The reason it's not working is because these python packages are only wrappers to tesseract. You have to compile tesseract using a AWS Linux instance and copy the binaries and libraries to the zip file of the lambda function.
1) Start an EC2 instance with 64-bit Amazon Linux;
2) Install dependencies:
sudo yum install gcc gcc-c++ make
sudo yum install autoconf aclocal automake
sudo yum install libtool
sudo yum install libjpeg-devel libpng-devel libpng-devel libtiff-devel zlib-devel
3) Compile and install leptonica:
cd ~
mkdir leptonica
cd leptonica
wget http://www.leptonica.com/source/leptonica-1.73.tar.gz
tar -zxvf leptonica-1.73.tar.gz
cd leptonica-1.73
./configure
make
sudo make install
4) Compile and install tesseract
cd ~
mkdir tesseract
cd tesseract
wget https://github.com/tesseract-ocr/tesseract/archive/3.04.01.tar.gz
tar -zxvf 3.04.01.tar.gz
cd tesseract-3.04.01
./autogen.sh
./configure
make
sudo make install
5) Download language traineddata to tessdata
cd /usr/local/share/tessdata
wget https://github.com/tesseract-ocr/tessdata/raw/3.04.00/eng.traineddata
export TESSDATA_PREFIX=/usr/local/share/
At this point you should be able to use tesseract on this EC2 instance. To copy the binaries of tesseract and use it on a lambda function you will need to copy some files from this instance to the zip file you upload to lambda. I'll post all the commands to get a zip file with all the files you need.
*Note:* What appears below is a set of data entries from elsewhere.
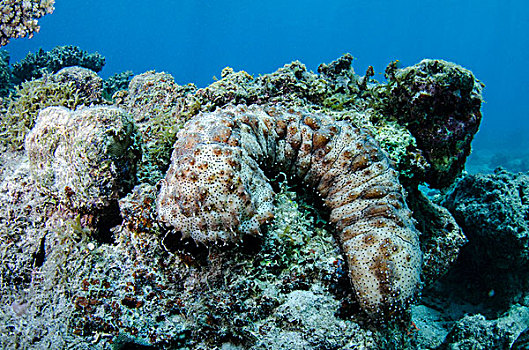 海参,珊瑚,礁石,斐济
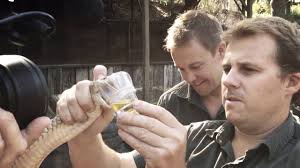 King Brown Snake venom milking record broken!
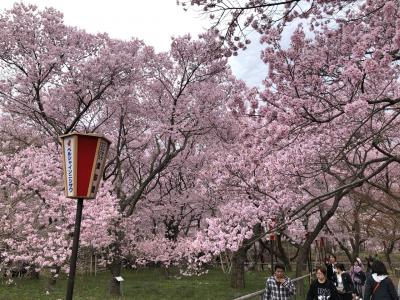 桜満開！信州伊那・高遠城址公園2019春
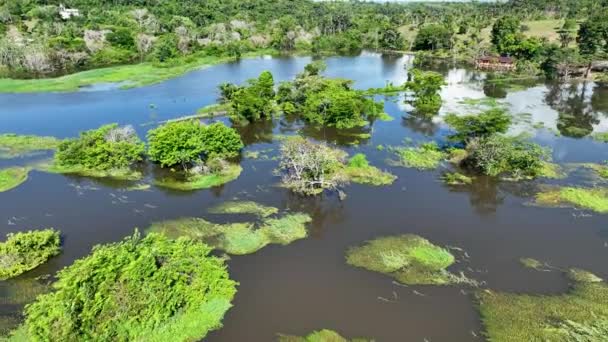 Manaus Brazilië Taruma Rivier Bij Amazon Forest Welvarend Van Gigantische — Stockvideo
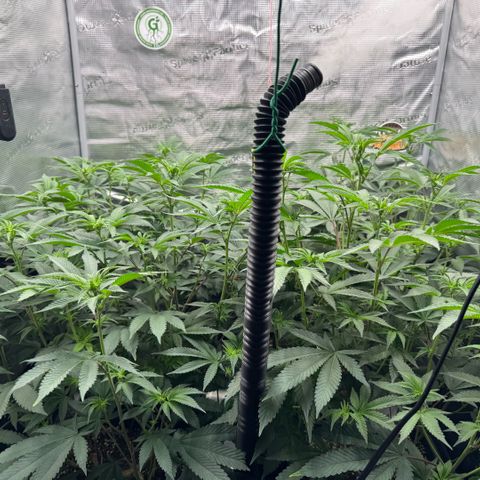 Super Buff Cherry #26  (4) growlog timeline photo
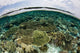 Shallow Coral Reef Thrives Wall Decal Design 13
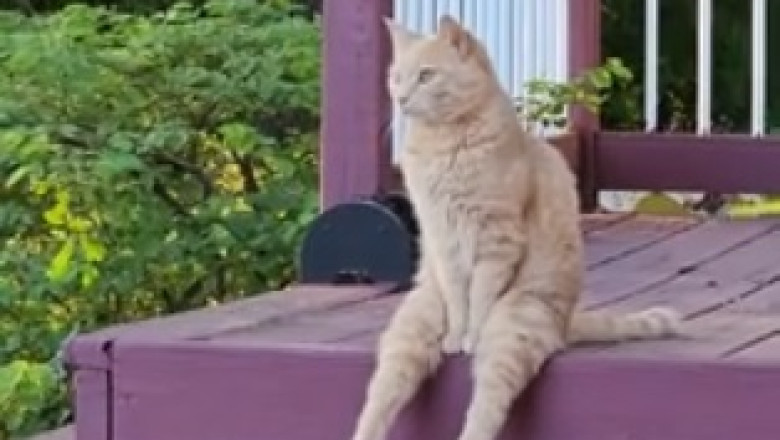From Fluff to Fierce: Hilarious Cat Gives Himself a Lion Makeover!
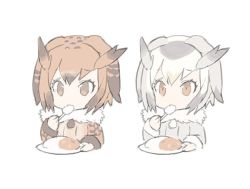 Rule 34 | 10s, 2girls, blade (galaxist), brown coat, brown eyes, brown hair, coat, commentary request, curry, curry rice, eating, eurasian eagle owl (kemono friends), food, fur trim, grey coat, kemono friends, long sleeves, looking at viewer, multiple girls, northern white-faced owl (kemono friends), plate, rice, short hair, silver hair, simple background, spoon, white background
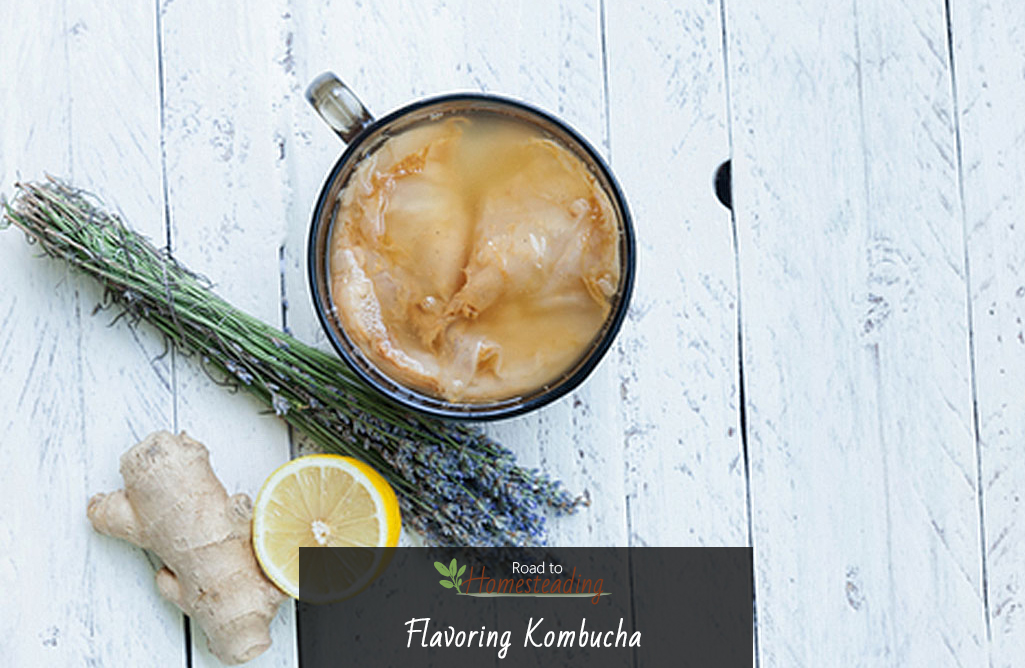 Flavoring Kombucha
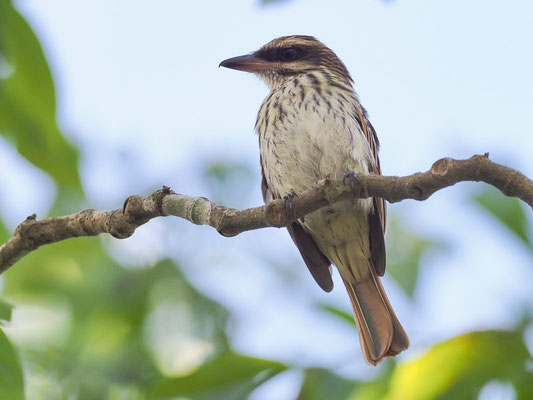 STREIFENTYRANN, STREAKED FLYCATCHER, MYIODYNASTES MACULATUS 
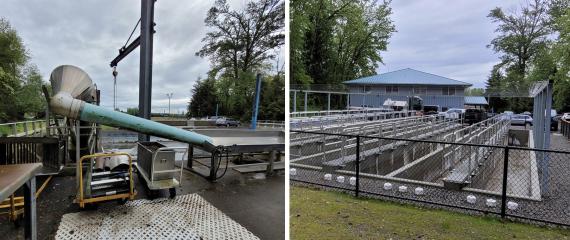 Diru Creek Hatchery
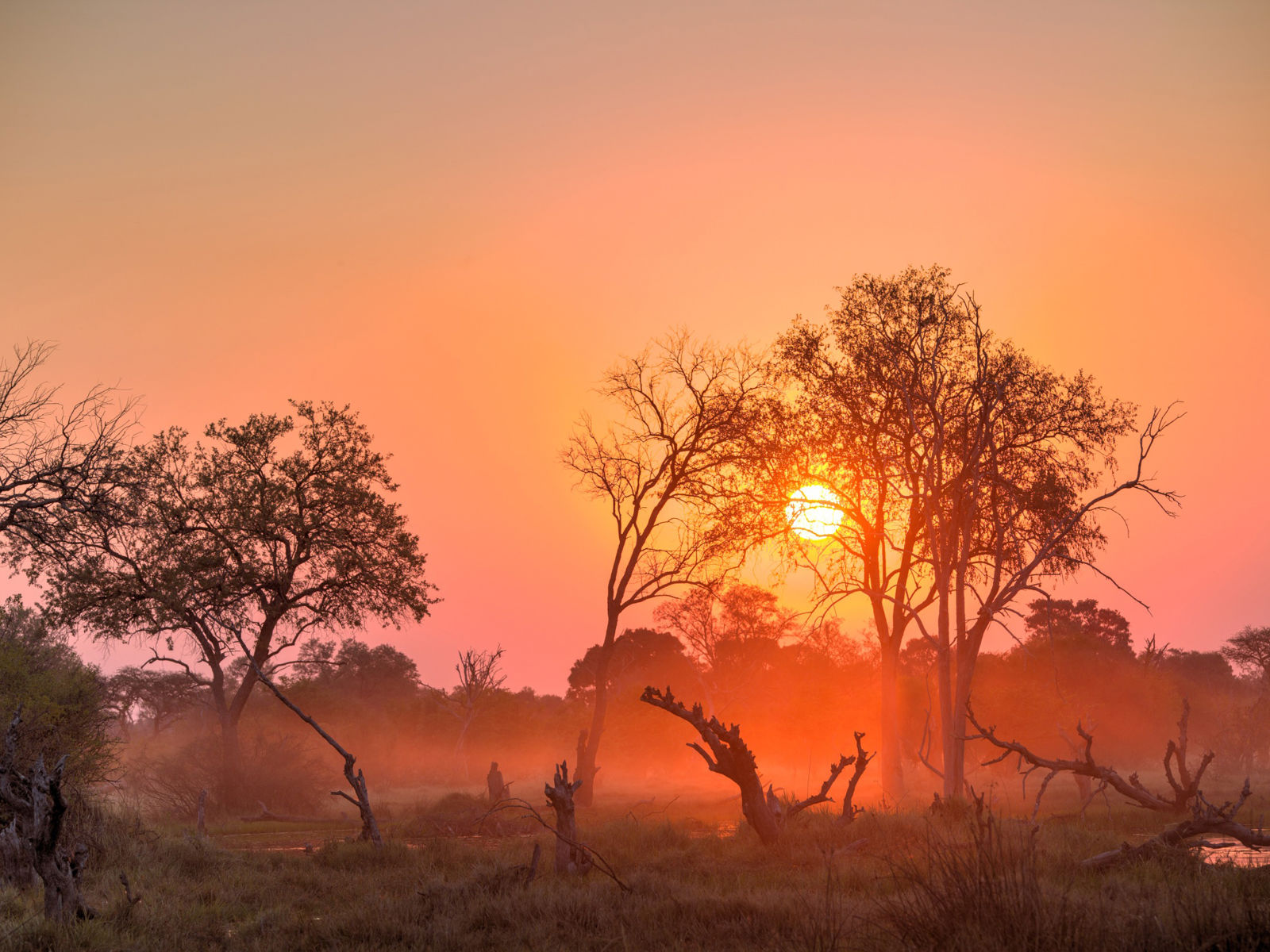 Resa till Botswana - solnedgång i savannlandskap med silhuetter av träd mot en färgrik himmel i orange och rosa nyanser.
6) Zip all the stuff you need to run tesseract on lambda
cd ~
mkdir tesseract-lambda
cd tesseract-lambda
cp /usr/local/bin/tesseract .
mkdir lib
cd lib
cp /usr/local/lib/libtesseract.so.3 .
cp /usr/local/lib/liblept.so.5 .
cp /usr/lib64/libpng12.so.0 .
cd ..
mkdir tessdata
cd tessdata
cp /usr/local/share/tessdata/eng.traineddata .
cd ..
cd ..
zip -r tesseract-lambda.zip tesseract-lambda
The tesseract-lambda.zip file have everything lambda needs to run tesseract. The last thing to do is add the lambda function at the root of the zip file and upload it to lambda. Here is an example that I have not tested, but should work.
7) Create a file named main.py, write a lambda function like the one above and add it on the root of tesseract-lambda.zip:
from __future__ import print_function
import urllib
import boto3
import os
import subprocess
SCRIPT_DIR = os.path.dirname(os.path.abspath(__file__))
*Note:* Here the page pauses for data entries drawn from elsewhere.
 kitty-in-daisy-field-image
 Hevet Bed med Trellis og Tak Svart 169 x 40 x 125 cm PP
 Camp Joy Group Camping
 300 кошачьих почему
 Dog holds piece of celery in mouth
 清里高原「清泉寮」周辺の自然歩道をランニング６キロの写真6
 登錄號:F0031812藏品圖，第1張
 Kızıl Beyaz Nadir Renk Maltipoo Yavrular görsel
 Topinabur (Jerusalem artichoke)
LIB_DIR = os.path.join(SCRIPT_DIR, 'lib')
s3 = boto3.client('s3')
def lambda_handler(event, context):
# Get the bucket and object from the event
bucket = event['Records'][0]['s3']['bucket']['name']
key = urllib.unquote_plus(event['Records'][0]['s3']['object']['key']).decode('utf8')
try:
print("Bucket: " + bucket)
print("Key: " + key)
imgfilepath = '/tmp/image.png'
jsonfilepath = '/tmp/result.txt'
exportfile = key + '.txt'
print("Export: " + exportfile)
s3.download_file(bucket, key, imgfilepath)
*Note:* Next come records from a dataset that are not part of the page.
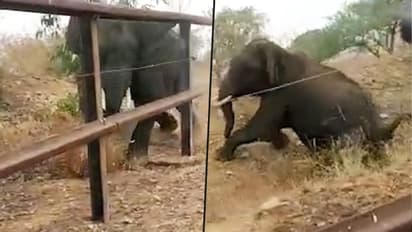 Karnataka forest staff shoots wild elephant, video catches Randeep Hooda's attention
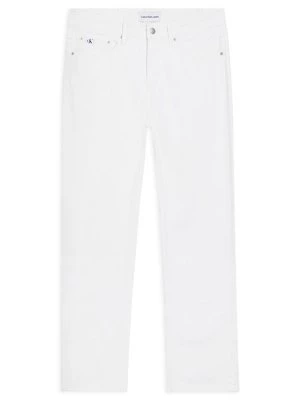 Obrázek produktu Džíny Straight Fit Calvin Klein Jeans
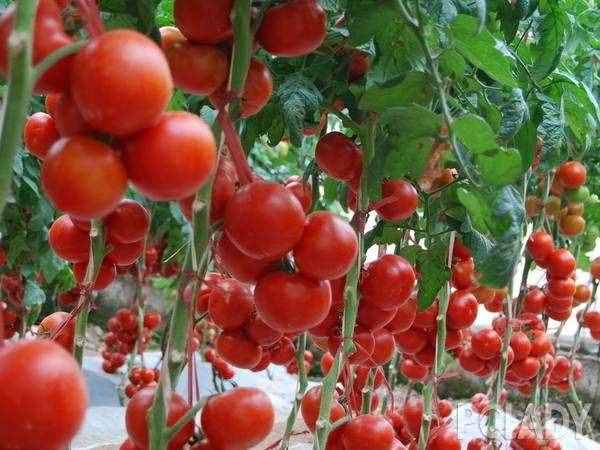 手把手教你种圣女果!掌握6个小技巧,果实挂满枝头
command = 'LD_LIBRARY_PATH={} TESSDATA_PREFIX={} {}/tesseract {} {}'.format(
LIB_DIR,
SCRIPT_DIR,
SCRIPT_DIR,
imgfilepath,
jsonfilepath,
)
try:
output = subprocess.check_output(command, shell=True)
print(output)
s3.upload_file(jsonfilepath, bucket, exportfile)
except subprocess.CalledProcessError as e:
print(e.output)
except Exception as e:
print(e)
print('Error processing object {} from bucket {}.'.format(key, bucket))
raise e
When creating the AWS Lambda function on the AWS Console, upload the zip file and set the Hanlder to main.lambda_handler. This will tell AWS Lambda to look for the main.py file inside the zip and to call the function lambda_handler.
IMPORTANT
From time to time things change in AWS Lambda's environment. For example, the current image for the lambda env is amzn-ami-hvm-2017.03.1.20170812-x86_64-gp2 (it might not be this one when you read this answer). If tesseract starts to return segmentation fault, run "ldd tesseract" on the Lambda function and see the output for what libs are needed (currently libtesseract.so.3 liblept.so.5 libpng12.so.0).
Thanks for the comment, SergioArcos.